Content starts

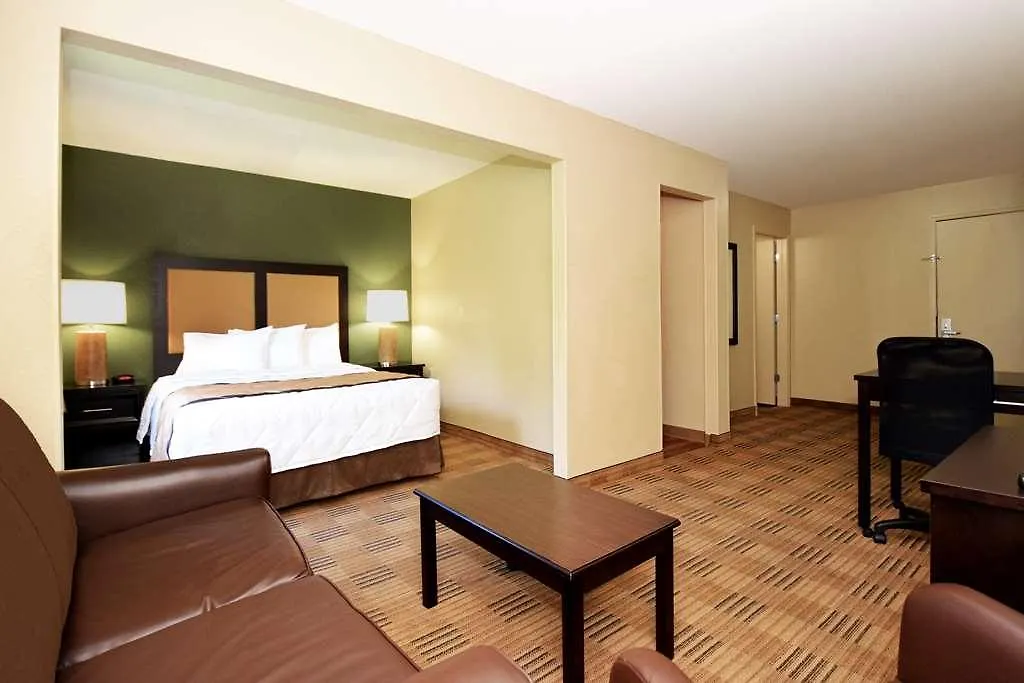 Отель Suburban Studios Columbus East
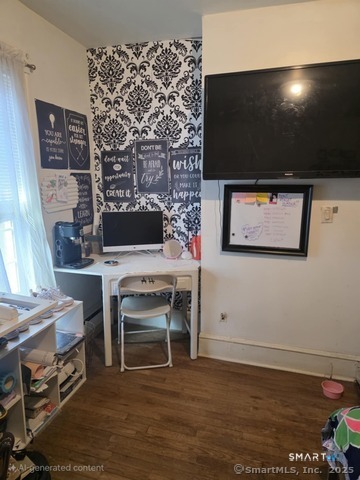 37 Capen Street Hartford, CT 06120 - Photo 2 of 11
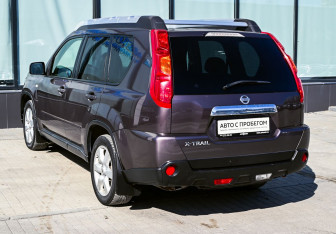 Подержанный автомобиль Nissan X-Trail 2008 года (3 фото)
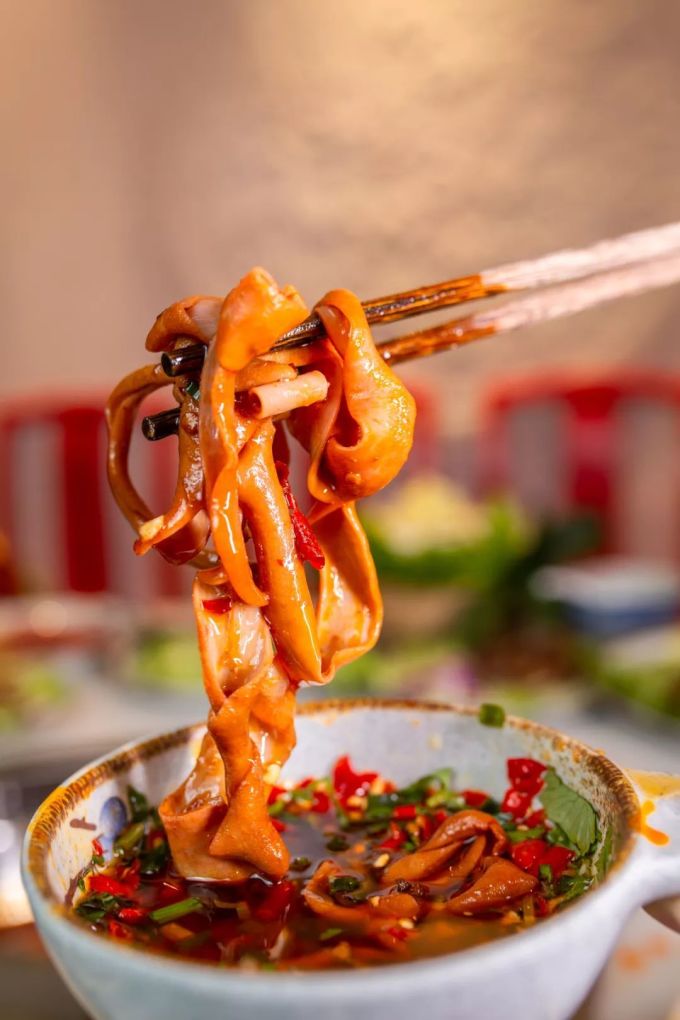 肉食者警告!大龙燚升级菜单,为你承包这个冬天的火锅牛肉!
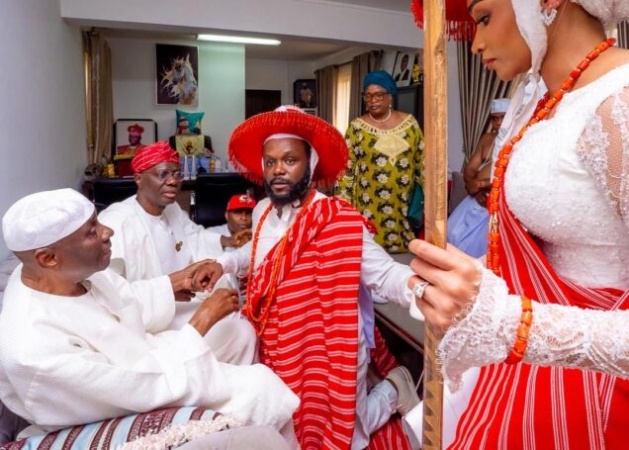 Seyi Tinubu gets installed as Okanlòmo of Eyọ Ọba Alakẹtẹ Pupa, Laba Ẹkun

Content ends

▶ Problem to solve
From top to bottom, restate the records above exactly and omit every picture.

▶ Solution for this exercise
 Отель Suburban Studios Columbus East
 37 Capen Street Hartford, CT 06120 - Photo 2 of 11
 Подержанный автомобиль Nissan X-Trail 2008 года (3 фото)
 肉食者警告!大龙燚升级菜单,为你承包这个冬天的火锅牛肉!
 Seyi Tinubu gets installed as Okanlòmo of Eyọ Ọba Alakẹtẹ Pupa, Laba Ẹkun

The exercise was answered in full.